Repeat only these lines, exactly: the first line of the data, the line containing "Photo 12 of", and every line between them. Pictures stay out.

━━━━━━━━━━━━━━━━

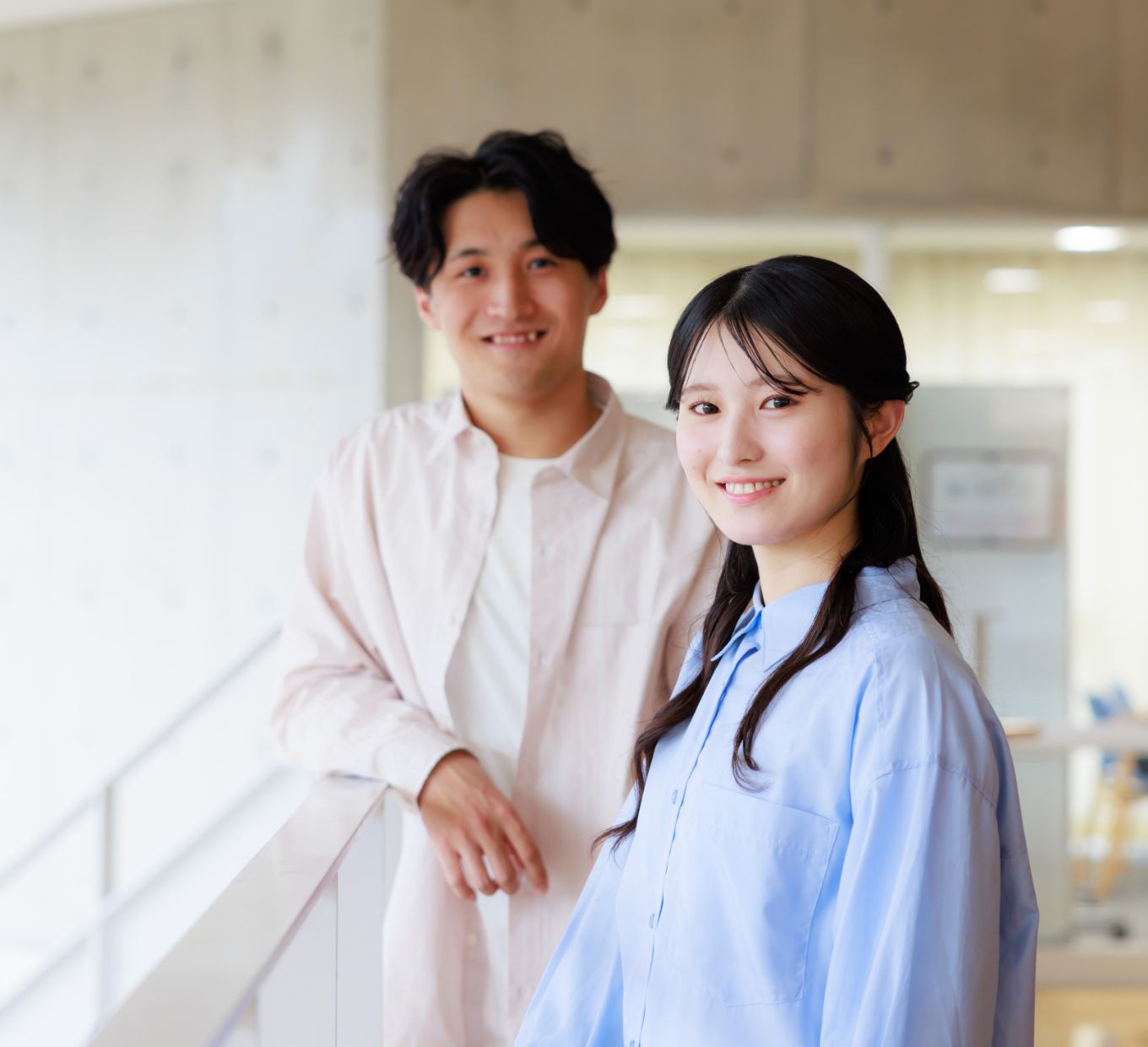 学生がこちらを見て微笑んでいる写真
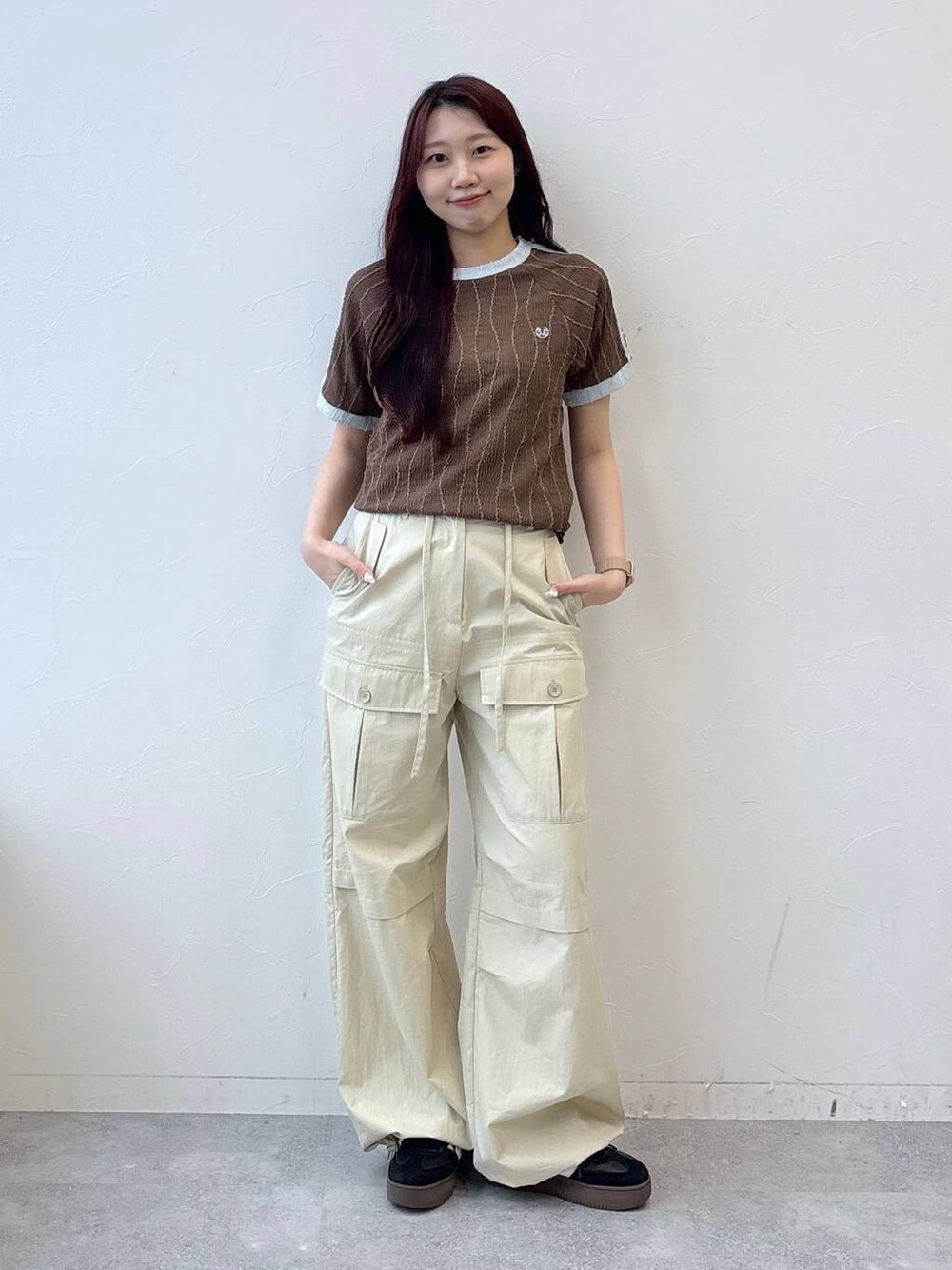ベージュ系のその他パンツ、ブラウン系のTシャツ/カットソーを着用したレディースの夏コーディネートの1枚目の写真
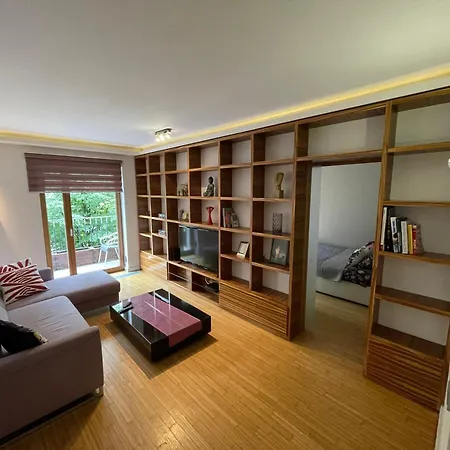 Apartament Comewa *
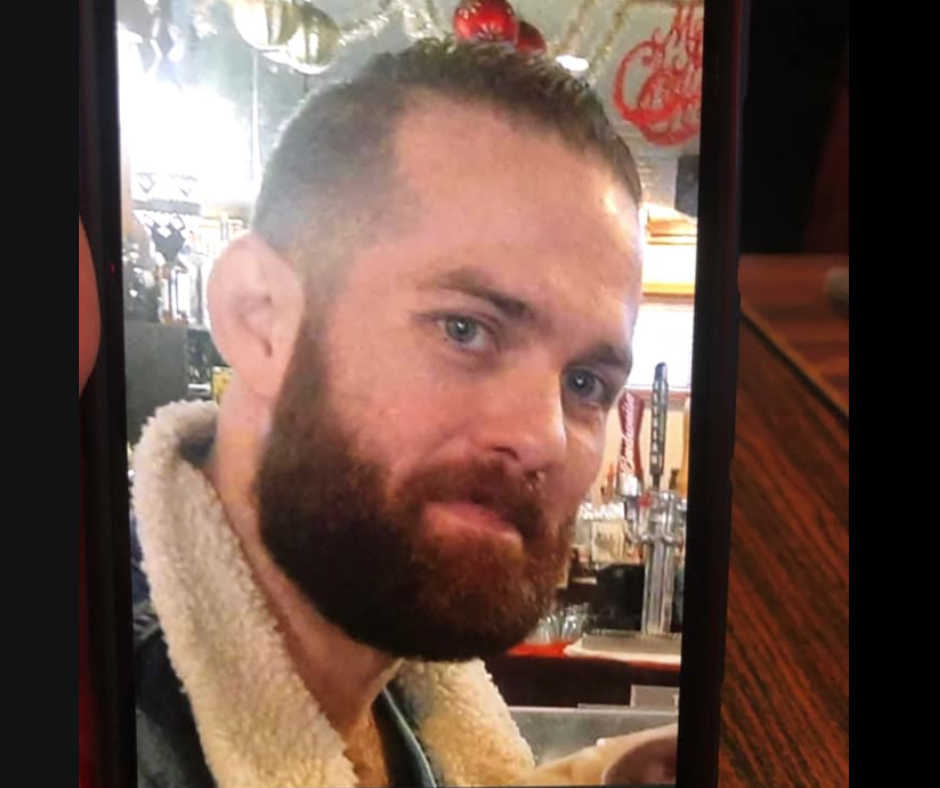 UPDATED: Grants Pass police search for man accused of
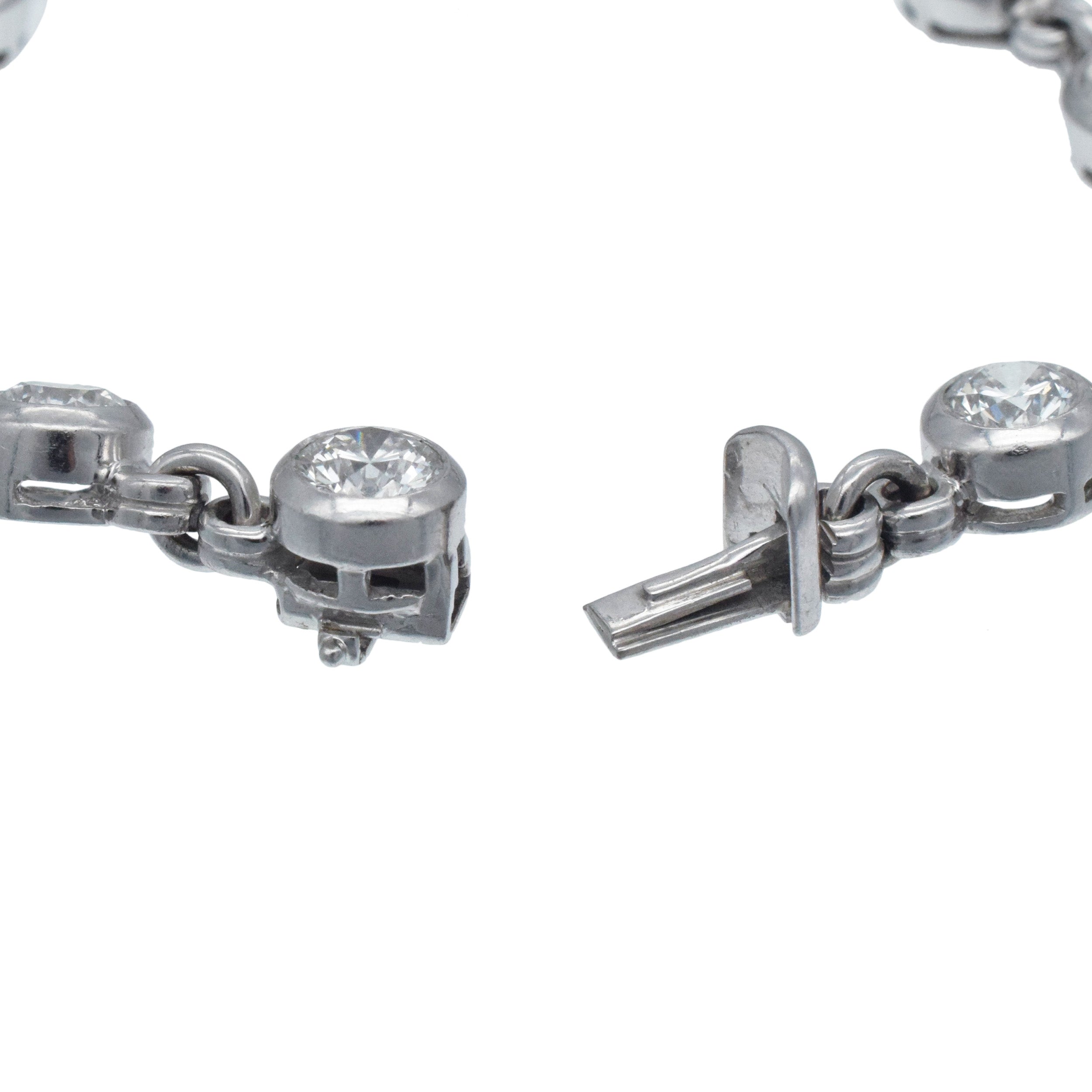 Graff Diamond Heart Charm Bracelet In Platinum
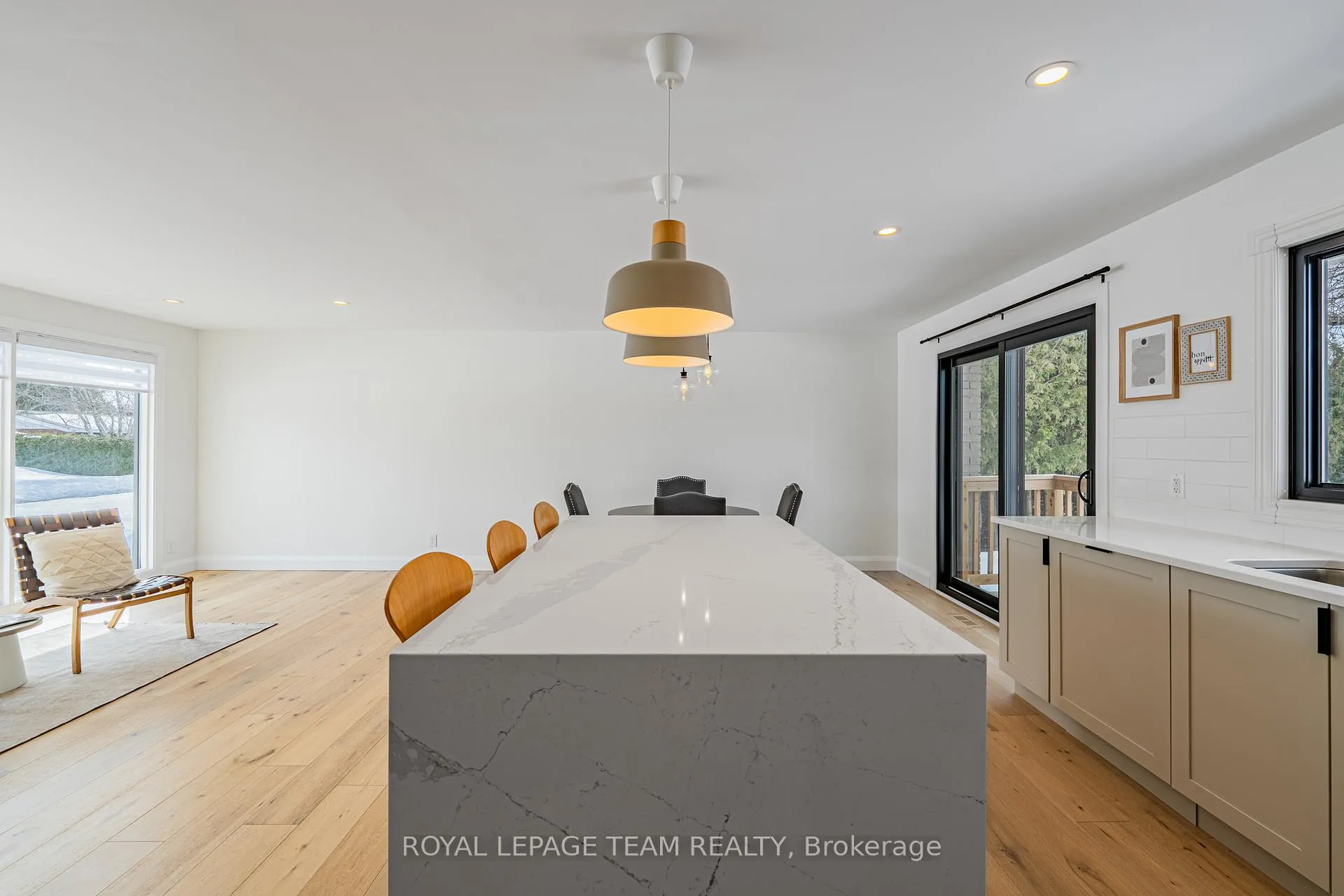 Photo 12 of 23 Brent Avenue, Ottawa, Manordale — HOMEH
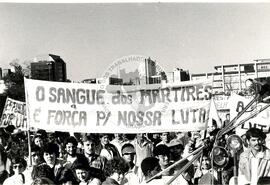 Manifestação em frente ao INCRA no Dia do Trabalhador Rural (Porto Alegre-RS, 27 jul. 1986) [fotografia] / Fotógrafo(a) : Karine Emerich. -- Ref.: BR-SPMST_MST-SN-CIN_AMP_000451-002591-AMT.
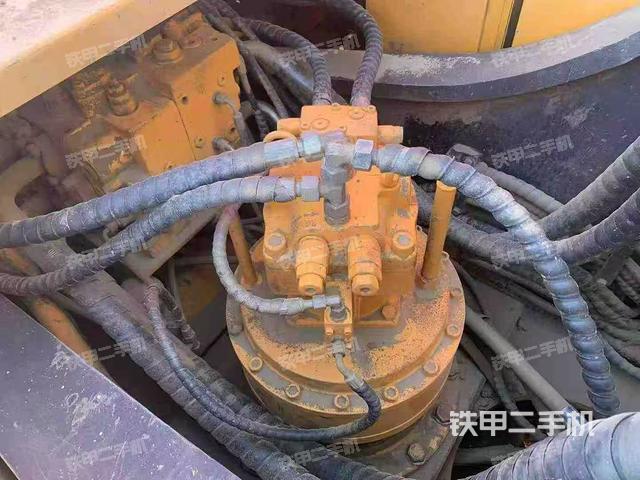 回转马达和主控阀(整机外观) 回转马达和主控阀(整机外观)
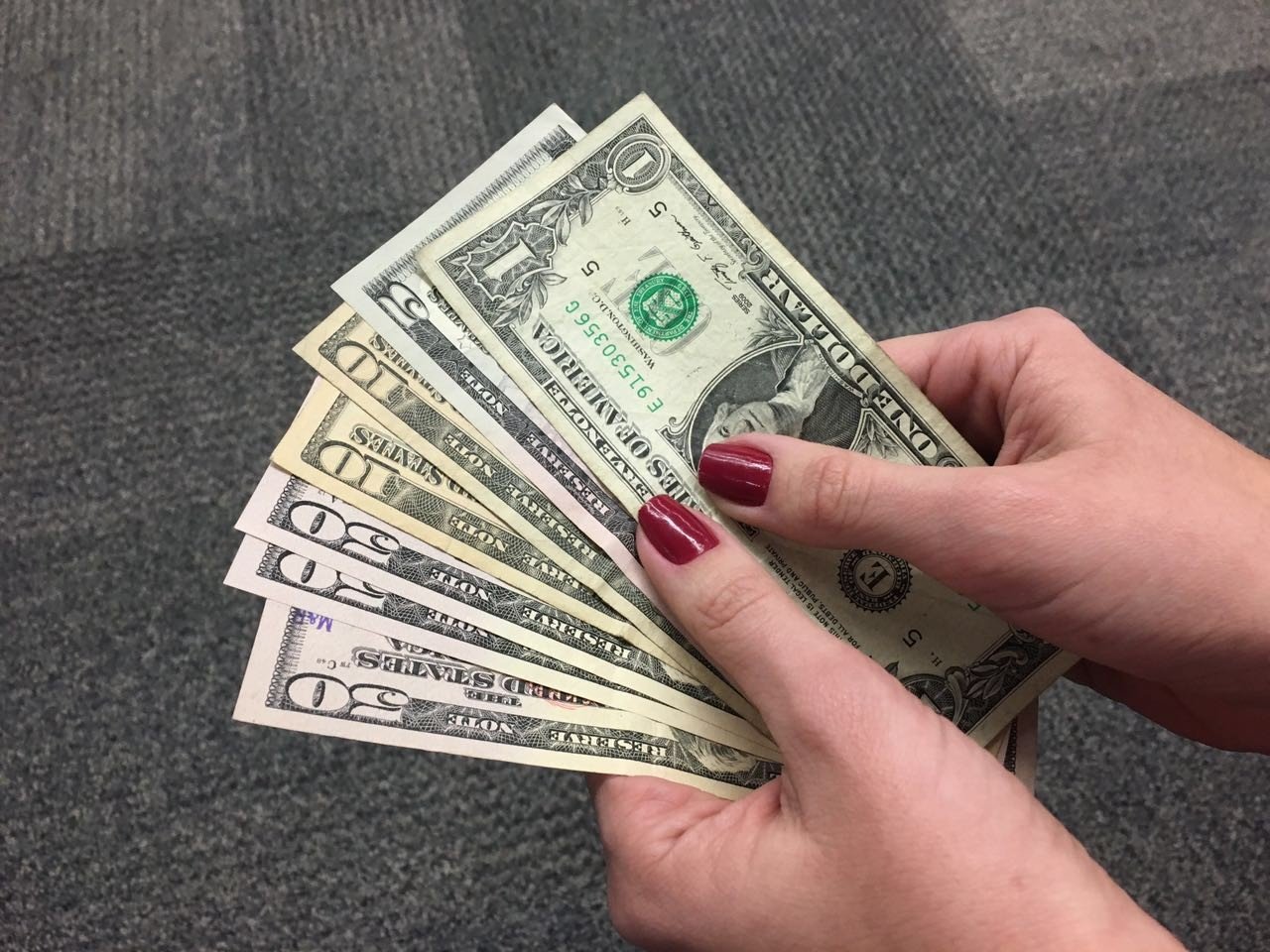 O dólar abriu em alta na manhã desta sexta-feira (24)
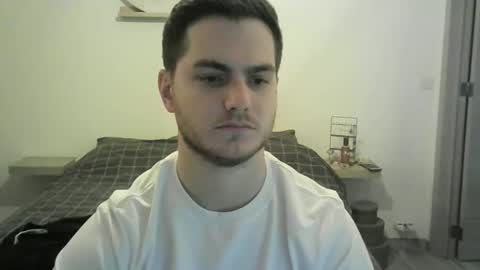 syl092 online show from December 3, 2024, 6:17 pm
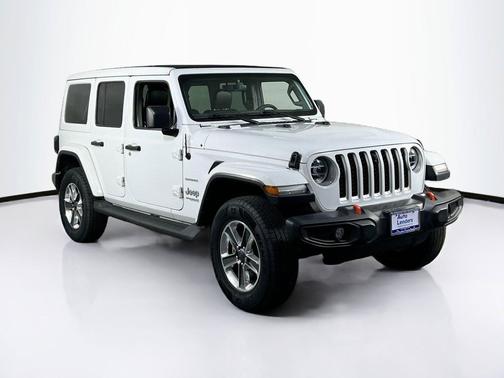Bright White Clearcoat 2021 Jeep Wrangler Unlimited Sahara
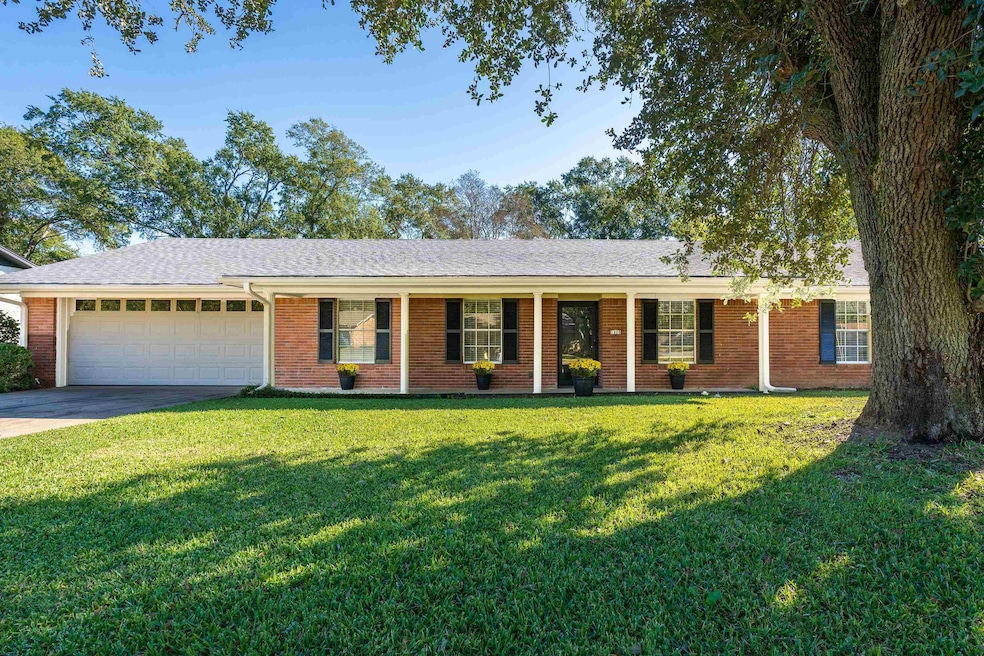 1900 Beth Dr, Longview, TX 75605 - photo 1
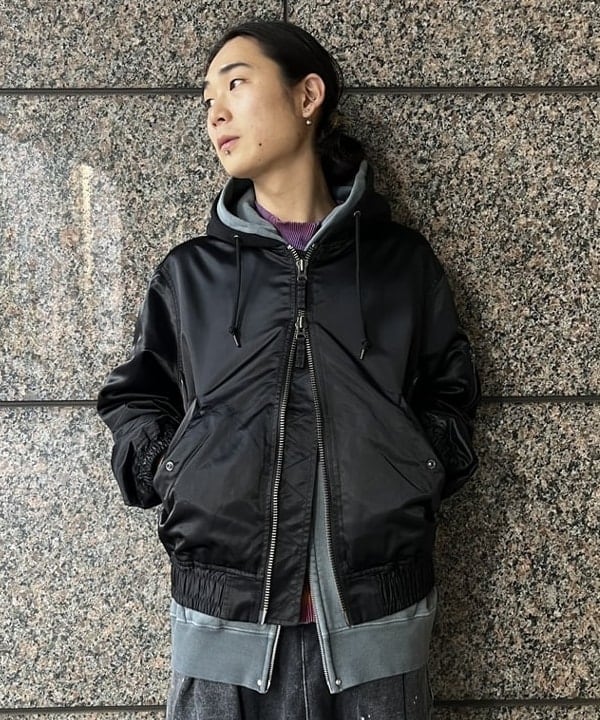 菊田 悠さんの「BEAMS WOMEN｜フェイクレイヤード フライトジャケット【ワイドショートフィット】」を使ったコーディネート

━━━━━━━━━━━━━━━━

§ **ANSWER**
 学生がこちらを見て微笑んでいる写真
ベージュ系のその他パンツ、ブラウン系のTシャツ/カットソーを着用したレディースの夏コーディネートの1枚目の写真
 Apartament Comewa *
 UPDATED: Grants Pass police search for man accused of
 Graff Diamond Heart Charm Bracelet In Platinum
 Photo 12 of 23 Brent Avenue, Ottawa, Manordale — HOMEH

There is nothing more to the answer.